INPUT MATERIAL: Begin
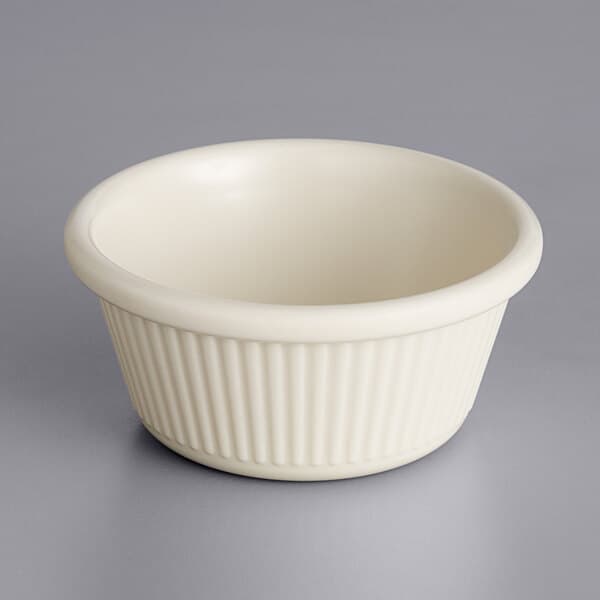 A white Acopa fluted ramekin on a gray surface.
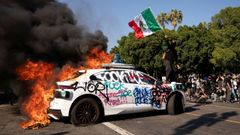 Un manifestante enarbola una bandera de Mxico subido a un coche incendiado, durante las protestas en Los ngeles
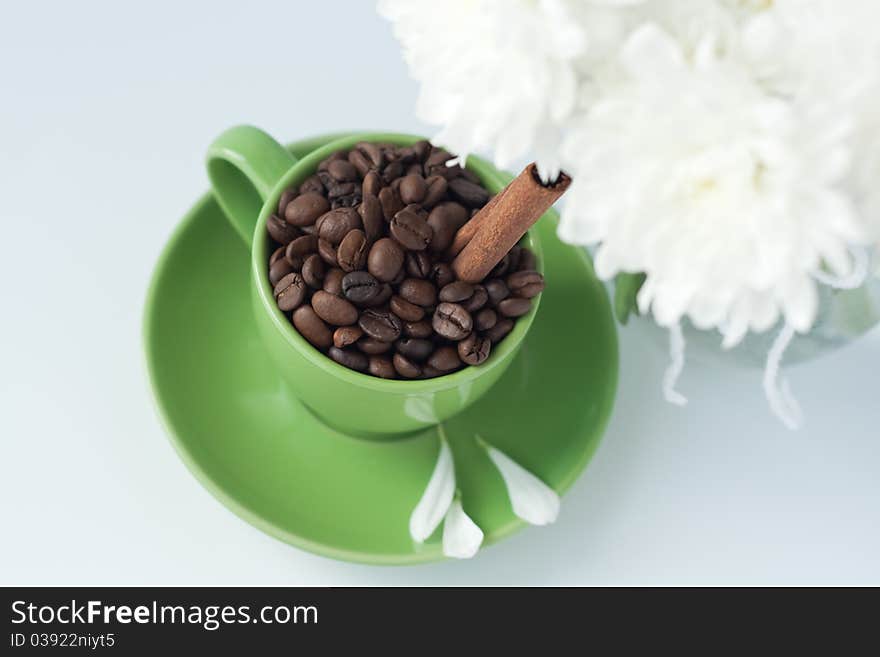 Coffee beans in a green cup on a white background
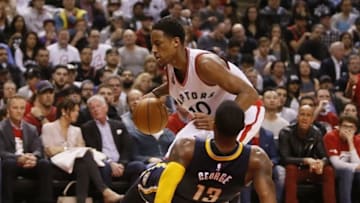 Apr 16, 2016; Toronto, Ontario, CAN; Toronto Raptors guard DeMar DeRozan (10) fouls Indiana Pacers forward Paul George (13) in game one of the first round of the 2016 NBA Playoffs at Air Canada Centre. Indiana defeated Toronto 100-90. Mandatory Credit: John E. Sokolowski-USA TODAY Sports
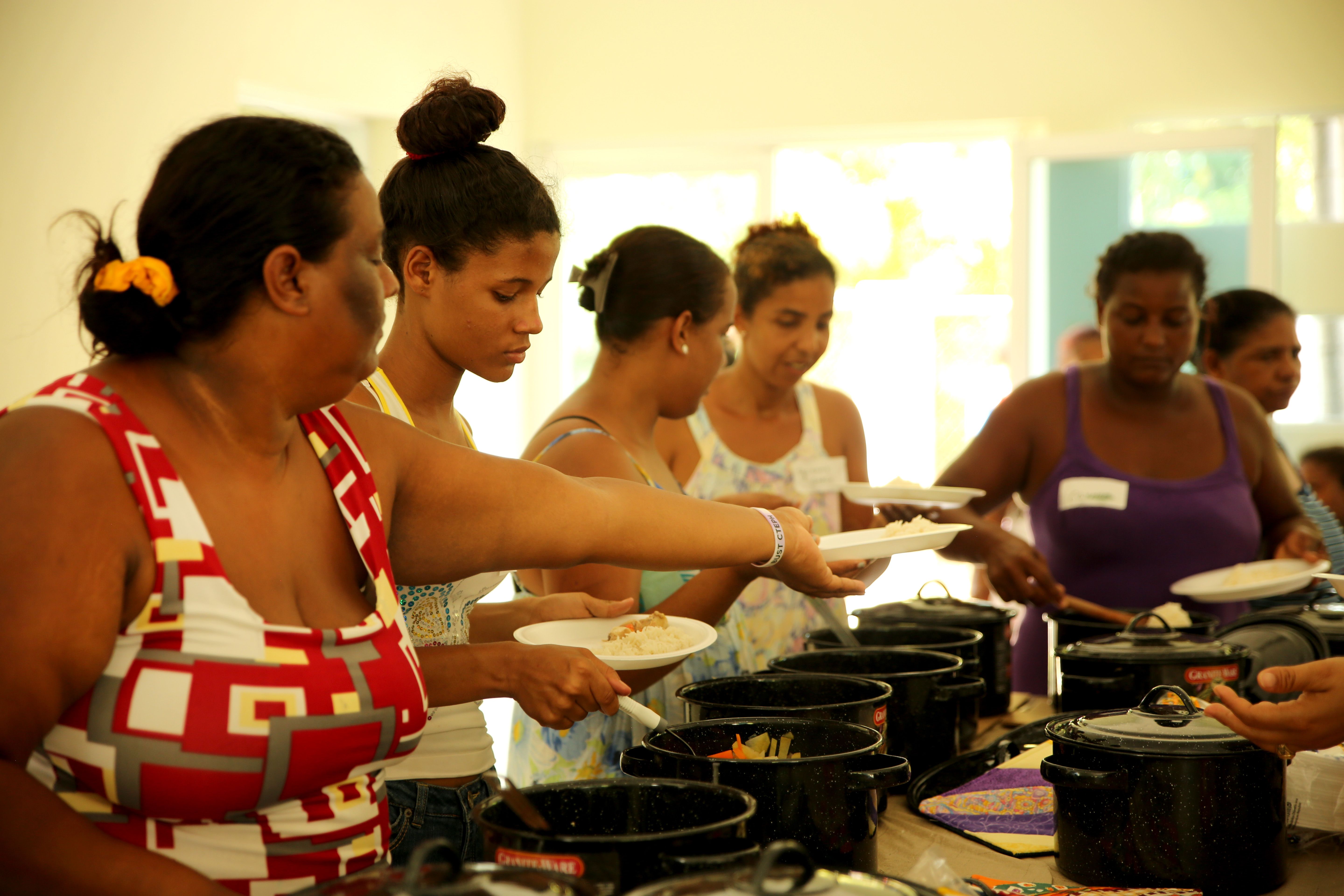 Women serve food from solar oven workshop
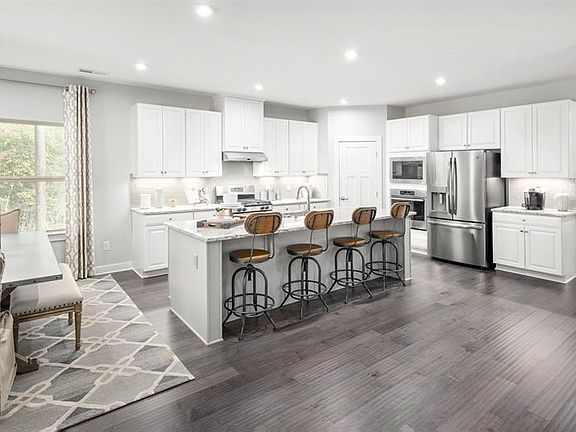 gourmet kitchen with chef oven and microwave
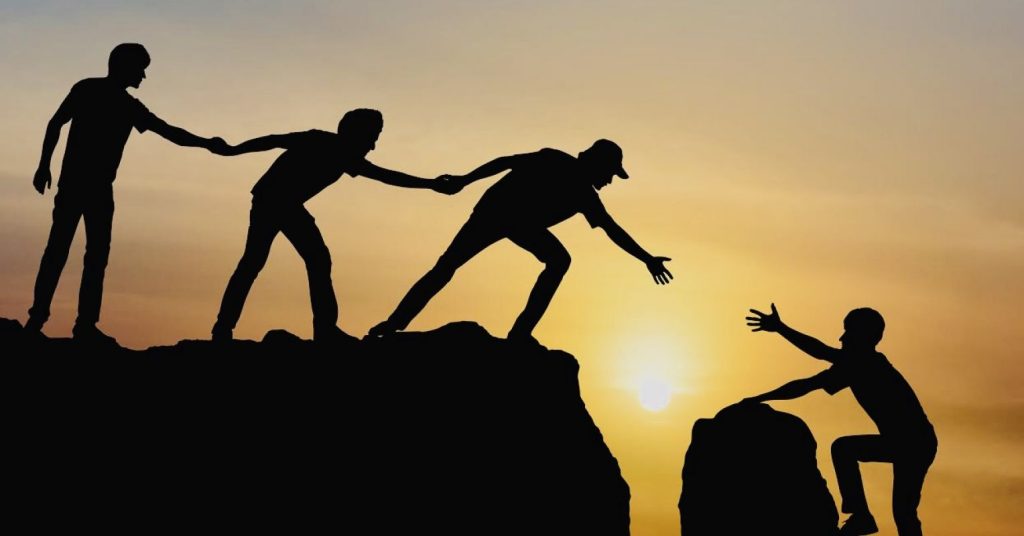 How does aiding others lead to life transformation through compassion?
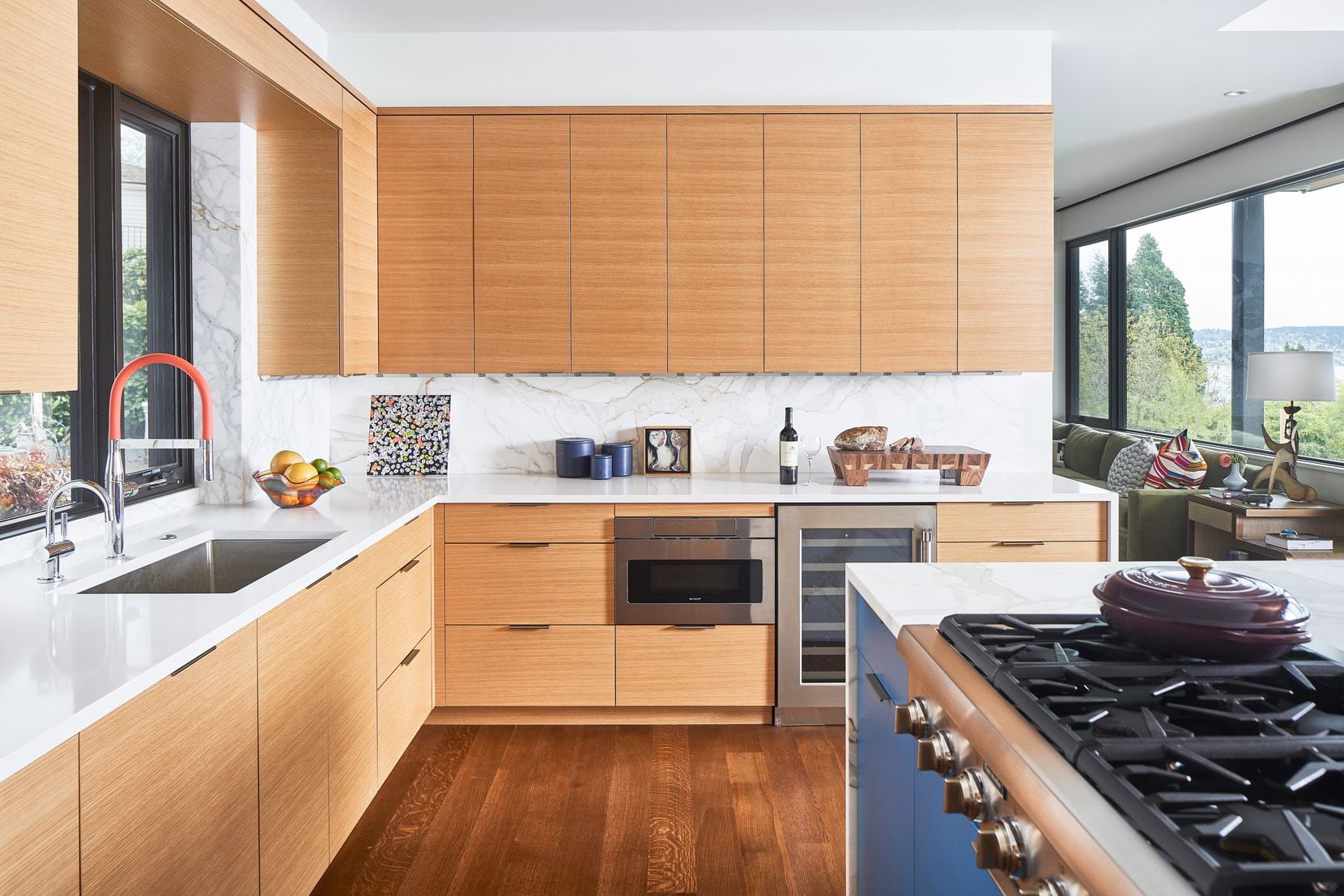 A kitchen features warm wood details on the cabinets.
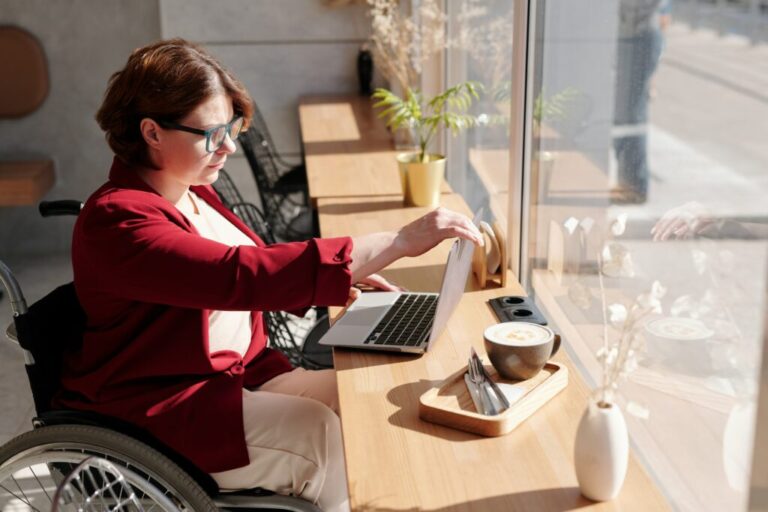 Persoon in een rolstoel gebruikt een laptop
INPUT MATERIAL: End
WHAT IS BEING ASKED:
Every line of the listing is to be retyped exactly; pictures stay out.

RESULT BELOW:
 A white Acopa fluted ramekin on a gray surface.
 Un manifestante enarbola una bandera de Mxico subido a un coche incendiado, durante las protestas en Los ngeles
 Coffee beans in a green cup on a white background
 Apr 16, 2016; Toronto, Ontario, CAN; Toronto Raptors guard DeMar DeRozan (10) fouls Indiana Pacers forward Paul George (13) in game one of the first round of the 2016 NBA Playoffs at Air Canada Centre. Indiana defeated Toronto 100-90. Mandatory Credit: John E. Sokolowski-USA TODAY Sports
 Women serve food from solar oven workshop
 gourmet kitchen with chef oven and microwave
 How does aiding others lead to life transformation through compassion?
 A kitchen features warm wood details on the cabinets.
 Persoon in een rolstoel gebruikt een laptop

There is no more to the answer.